Ms. Plausibility or, In Which Jasper Officially Becomes a Caroline Kennedy Suckup
Anti-Caroline hysteria sentiment in the ‘sphere seems to be intensifying, and I’ll have none of it, dammit!
Okay, seriously, I’m not saying Ms. Kennedy is the best candidate for the job, mind you; but she’s obviously a plausible candidate in a narrow universe of plausible candidates. People continue to talk about her like she’s some kind of grossly underqualified airhead — but that’s seems like wild exaggeration colored by Kennedy bashing.
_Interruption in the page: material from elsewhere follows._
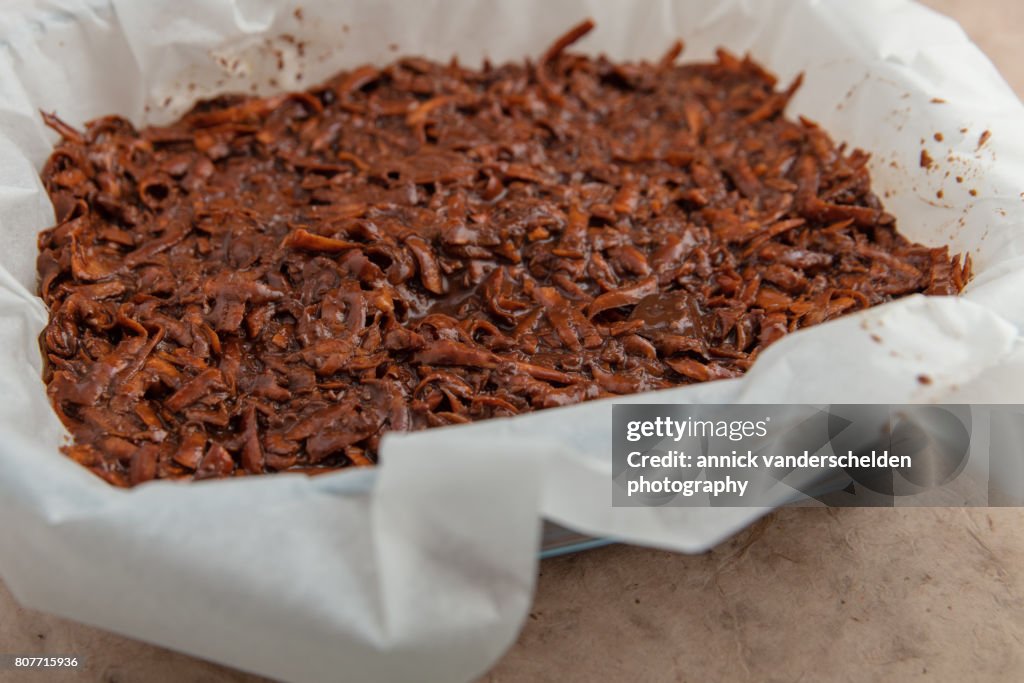 Oven dish with baking paper and brownie of sweet potato batter.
She doesn’t have experience running in and winning elections*, but that’s the only thing she lacks from what I can see**. She’s got money, fame, looks, glamor,*** sterling education credentials (Harvard and Columbia Law), she’s a life long New Yorker, she’s prominent in Democratic party circles (vetted Obama’s VP choices and was a co-chair of his campaign, I think), she possesses a strong relationship with the president-elect, she has a pretty impressive rolodex, she’s a respected constitutional scholar, she writes well, and she’s done substantive, meaningful work in policy analysis, non-profit fundraising and governance, arts advocacy, and education. She’s seems to be a very straight arrow (nice family, etc.), and likely has fewer skeletons in her closet than the various elected public officials who would also be plausible candidates for the appointment. And, as Democrats who actually want to win elections (unlike libertarians who understandably would rather see us lose) realize, Caroline Kennedy is almost certainly likely to prove an unsurpassed fundraiser in 2010 — a year when coaxing money from contributors may not be an easy task. Again, she may not be the optimal candidate from the perspective of background and experience (Spitzer’s downfall makes the scene devoid of an obvious concensus choice), but politically — and this is ultimately how such things get decided — she’s very plausible indeed.
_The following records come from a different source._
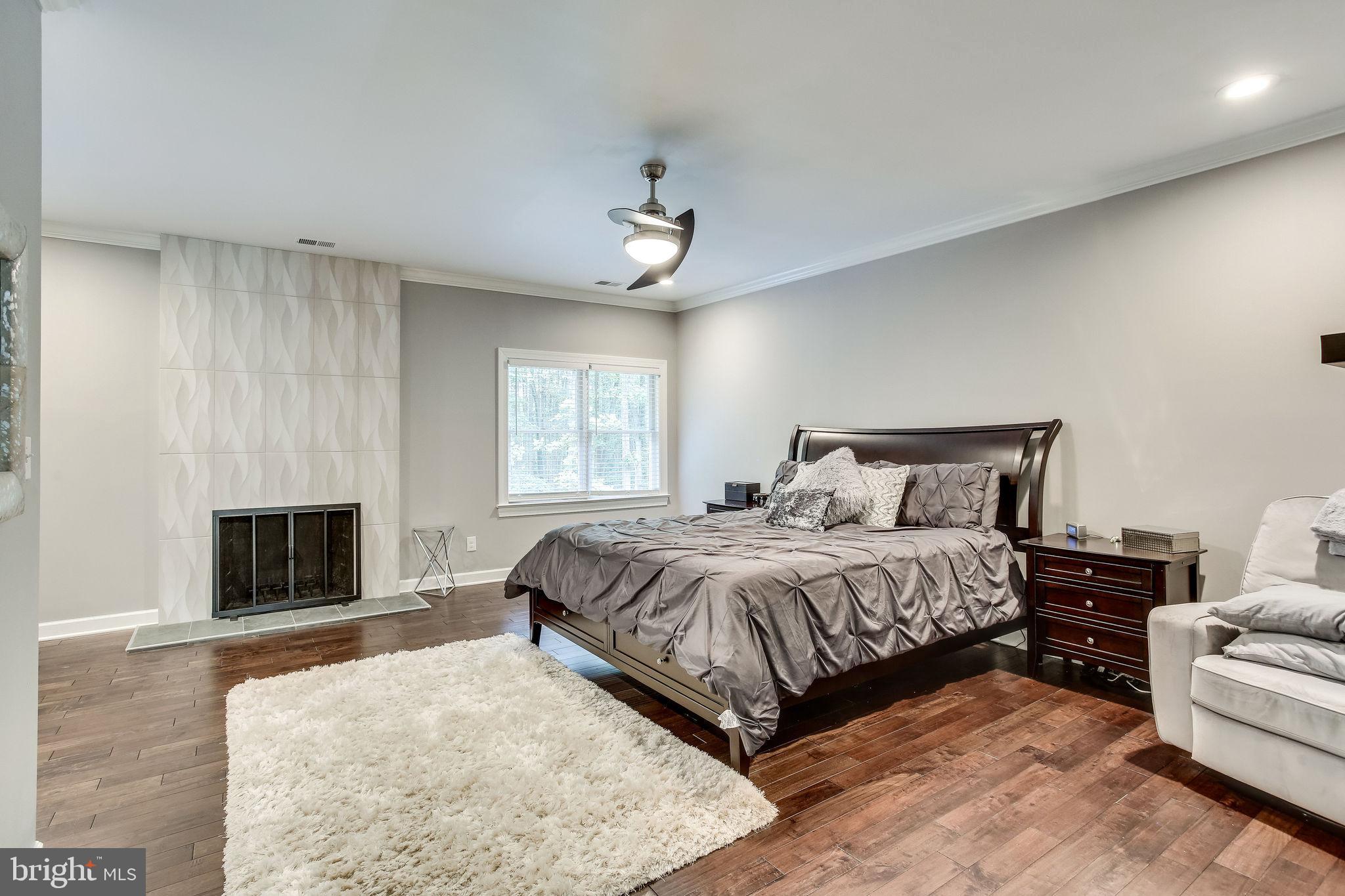 642 Springvale Road Great Falls, VA 22066 - Photo 24 of 44 Owner's Suite with floor-to-ceiling fireplace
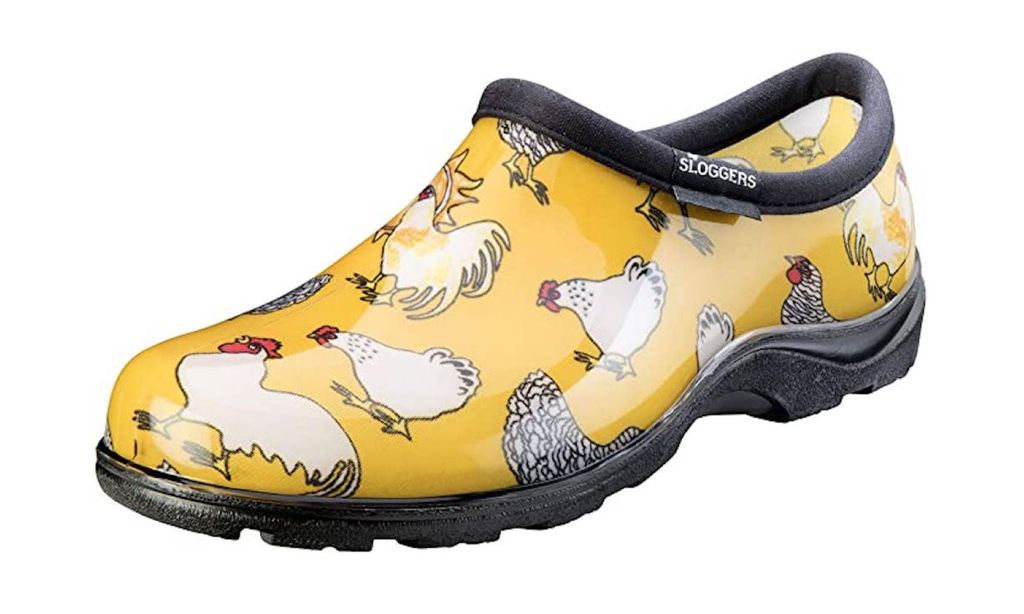 Yellow waterproof clogs with a rooster pattern.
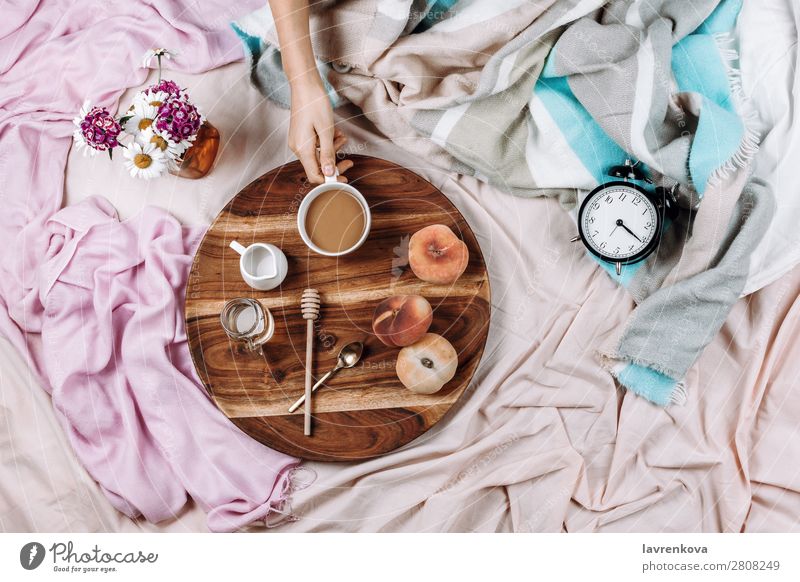 Cozy flatlay of wooden tray with cup of coffee, peaches, creamer Alarm clock Morning Cup Mug flat lay Bedroom Breakfast Espresso Syrup Spoon Fruit Peach Bouquet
*I frankly think this is a weak argument with respect to this particular candidate. I mean, she freaking grew up in the White House, and her uncles were Bobby and Teddy. I have a feeling she knows how the government works, and how legislation gets enacted. Moreover, while personal legislative experience is obviously a plus, Hillary Clinton has shown lack of it isn’t a deal-breaker. And anyway, what’s wrong with having someone with a different perspective sitting in the great deliberative body? Heaven forbid someone other than, you know, a career briber of voters, be sent to Washington to join Schumer.
**Well, she may lack natural political instincts/communication skills based on her upstate tour. It definitely wasn’t an auspicious start. I personally think it’s too early to tell — and I very much doubt Patterson will write her off based on one or two initial missteps (Hillary wasn’t a natural from the getgo either) but Caroline certainly needs to improve in this area.
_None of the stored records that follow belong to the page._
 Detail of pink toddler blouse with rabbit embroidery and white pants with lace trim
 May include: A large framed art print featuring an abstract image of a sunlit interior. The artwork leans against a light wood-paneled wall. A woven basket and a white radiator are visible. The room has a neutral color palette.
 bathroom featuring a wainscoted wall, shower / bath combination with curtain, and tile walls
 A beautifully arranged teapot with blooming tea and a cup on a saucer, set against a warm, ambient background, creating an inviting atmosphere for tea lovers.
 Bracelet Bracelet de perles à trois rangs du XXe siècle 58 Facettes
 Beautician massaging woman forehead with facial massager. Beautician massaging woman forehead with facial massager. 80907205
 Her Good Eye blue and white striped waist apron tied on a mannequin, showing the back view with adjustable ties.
***I can almost hear the sneering now, but y’all have to take off your good citizens caps and put on your political consultants caps: you can certainly make the case that Kennedy possesses many of the practical attributes — especially in an era when fundraising is likely to get tougher — especially with a mid-term coming up where Democrats are likely to be facing stiff challenges — of someone who can beat King or Rudy (and help other Democrats — most importantly Patterson himself — in the bargain). Cynical or not, that, my dear friends, will surely be of paramount concern in Patterson’s mind.
Finally, one word about the hand-wringing over political dynasties: our constitution got rid of royalty. It doesn’t say people who grew up with backgrounds in politics and affairs of state can’t or shouldn’t be able to run themselves. It seems to me you’ll have to change human nature to insure that. Bottom line is voters have brains, and in a democracy they’re perfectly free to reject princelings, and often do. Neither Romney nor Hillary Clinton is about to enter the White House. George H.W. Bush couldn’t retain it in 1992. The Republic has always known families prominent in public affairs, and always will. John Quincy Adams’s foray into politics didn’t sink us, and neither will Caroline Kennedy’s.